Le système utilise une clé (une passphrase) pour chiffrer toutes les données avant de les écrire sur le disque. Elle est générée automatiquement, et devra être notée quelque part (sur un bout de papier à garder précieusement). Cette clé est elle-même chiffrée par une passphrase, qui est le mot de passe du compte utilisateur. Ainsi, lors de la connexion de l’utilisateur, la clé pourra être déchiffrée et utilisée pour lire et écrire des données.

Il faut bien distinguer ces deux passphrases :

Tant que vous connaissez la passphrase de montage, vous pourrez récupérer vos données. Si vous connaissez uniquement la passphrase de login, vous pourrez normalement récupérer la passphrase de montage (mais c’est plus sûr de garder dans un coin la passphrase de montage, car on peut effacer involontairement le fichier permettant de faire le lien). Si vous ne connaissez aucune des deux, vos données sont définitivement perdues…

Physiquement, les dossiers chiffrés sont stockés dans /home/.ecryptfs/USER/.Private. Les données servant au chiffrement et au déchiffrement sont dans /home/.ecryptfs/USER/.ecryptfs. Le répertoire /home/USER, quant à lui, n’existe pas physiquement : c’est juste une “vue” déchiffrée du répertoire .Private.

Remarque : les noms de fichiers étant eux-aussi chiffrés, ils ne comportent physiquement pas le même nombre de caractères que le nom de fichier “en clair” (d’autant plus qu’ils contiennent un préfixe).
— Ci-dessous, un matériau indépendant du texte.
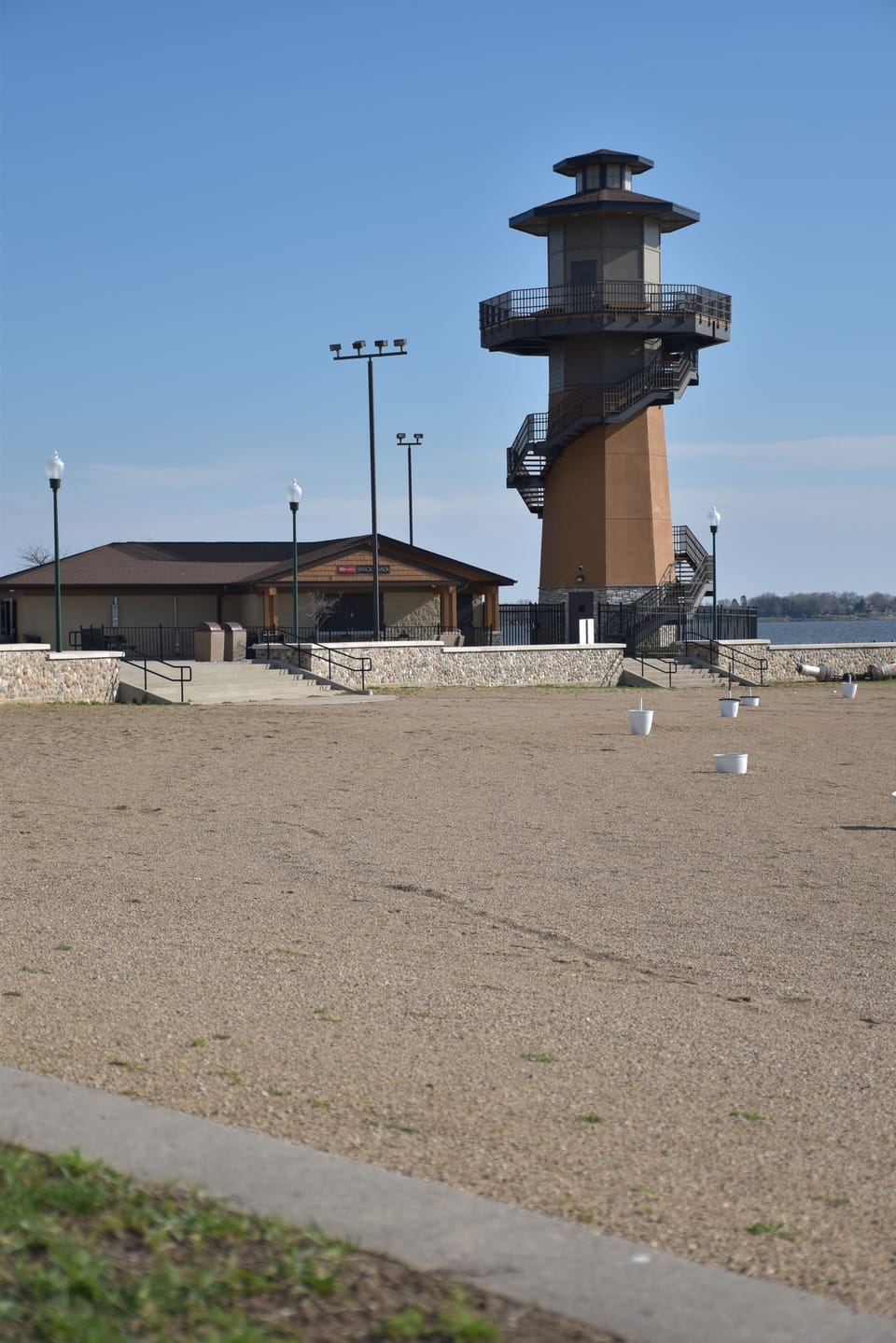 Awaysis Beach, Lighthouse, and Snack Shack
Ceci a une conséquence : en EXT4 les noms de fichiers ne doivent pas dépasser 256 caractères, mais un nom de fichier “en clair” d’environ 140 caractères entraîne un nom de fichier chiffré de 256 caractères. Les noms de fichiers sont donc limités à environ 140 caractères sur un dossier chiffré…

Connaître la passphrase de montage

Une fois le système démarré, il est possible de connaître la passphrase de montage :

$ ecryptfs-unwrap-passphrase
Passphrase: (entrer ici la passphrase de login)
6ebf259226f1d0859e707eb4349a9476

D’ailleurs, lors du premier démarrage, Ubuntu vous demandera d’exécuter cette commande et de noter quelque part le résultat.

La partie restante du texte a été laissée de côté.